コマンドライン:プロフェッショナルへの近道
virt-managerのようなグラフィカルインタフェース(GUI)は親しみやすいですが、20〜30台のサーバーを同時に管理したり、自動化が必要な場合には、virshこそが真の味方です。遠隔地からSSHで接続し、数行のコマンドを入力するだけで仮想マシンの起動やネットワーク設定をサクサクこなすのは、単に格好良いだけでなく、生産性も大幅に向上します。
Ubuntu Server上で約15台の仮想マシンが動作するホームラボ環境では、マウスを触ることはほとんどありません。virshを使うことで、複雑なタスクもわずか数秒で処理できます。いくつものメニューをクリックする代わりに、ターミナル一つであらゆるリソースからネットワーク接続までをコントロールできるのです。
クイックスタート:5分で覚える基本コマンド
膨大なコマンドリストに圧倒される必要はありません。以下は、作業時間の90%で使用することになる基本的なコマンドのチートシートです:
# 仮想マシンの一覧を表示(停止中のマシンも含む)
virsh list --all
# 仮想マシンの起動
virsh start vm_name
# 安全なシャットダウン(Windows의 シャットダウンボタンと同じ)
virsh shutdown vm_name
# 強制終了(電源プラグを抜くのと同様、フリーズ時に使用)
virsh destroy vm_name
# ホストLinuxの再起動時に仮想マシンを自動起動する設定
virsh autostart vm_name
# 仮想マシンのコンソールに接続(ネットワークが切れた際に非常に便利)
virsh console vm_name
仮想マシンのライフサイクル管理を深掘りする
1. 設定の動的編集
内部的には、各KVM仮想マシンは単純なXML設定ファイルにすぎません。
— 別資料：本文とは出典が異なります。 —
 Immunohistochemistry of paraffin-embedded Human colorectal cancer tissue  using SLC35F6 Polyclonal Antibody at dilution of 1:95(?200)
RAMを2GBから8GBにアップグレードしたり、CPUコアを追加したりする必要がある場合は、次のコマンドを使用します:
virsh edit vm_name
このコマンドは、デフォルトのエディタ(通常はNanoまたはVi)で設定ファイルを開きます。保存して終了すると、virshが自動的に構文をチェックします。問題がなければ、変更内容は次回の起動時に適用されます。
2. クローン作成のテクニック
OSを最初から再インストールして20分を無駄にするのはやめましょう。最適化済みの標準OSイメージ(ゴールドイメージ)を作成しておき、virt-cloneを使用して1分以内に大量のクローン仮想マシンを作成するのが私流です:
virt-clone --original template-ubuntu --name web-server-01 --file /var/lib/libvirt/images/web-server-01.qcow2
このツールは非常にスマートで、内部ネットワークでのIP競合を避けるために新しいMACアドレスを自動的に生成してくれます。
プロのための高度なテクニック
Snapshot:試行錯誤の際の保険
apt upgradeを実行したり、システム設定ファイルを変更したりする前に、すぐにスナップショットを作成しましょう。万が一、サーバーにエラー(カーネルパニックやアプリの競合など)が発生しても、わずか2秒で以前の完璧な状態に戻すことができます。
# システムのスナップショットを作成
virsh snapshot-create-as --domain vm_name --name "update前" --description "Nginxアップグレード直前のスナップショット"
# 以前の状態に復元
virsh snapshot-revert vm_name --snapshotname "update前"
ネットワーク管理の悩みを解消
仮想マシンがインターネットに接続できず困ることはよくあります。virshは仮想マシンとは独立してネットワークを管理します。defaultネットワーク(NAT)が常にactive状態であることを確認してください:
# ネットワークの状態を確認
virsh net-list --all
# defaultネットワークが停止している場合は起動する
virsh net-start default
# 仮想マシンが取得したIPアドレスの一覧を表示
virsh net-dhcp-leases default
DevOpsに役立つちょっとしたコツ
コンソールの「迷宮」から脱出する
初心者がよく陥るミスは、virsh consoleから抜け出せなくなることです。Ctrl + Cは機能しません。魔法のショートカットキー、Ctrl + ]を覚えておきましょう。
CPU Pinningによるパフォーマンス最適化
高負荷のデータベースを運用している場合は、virsh vcpupinを活用しましょう。このテクニックは、仮想マシンのvCPUを特定の物理コアに固定します。これによりレイテンシが大幅に削減され、CPUのL3キャッシュを最大限に活用できるようになります。
virshをマスターすることは、TerraformやOpenStackによるインフラ管理へと進むための重要なステップです。思い切ってGUIを閉じ、今日からコマンド入力を始めましょう。作業スピードが劇的に変わるのを実感できるはずです。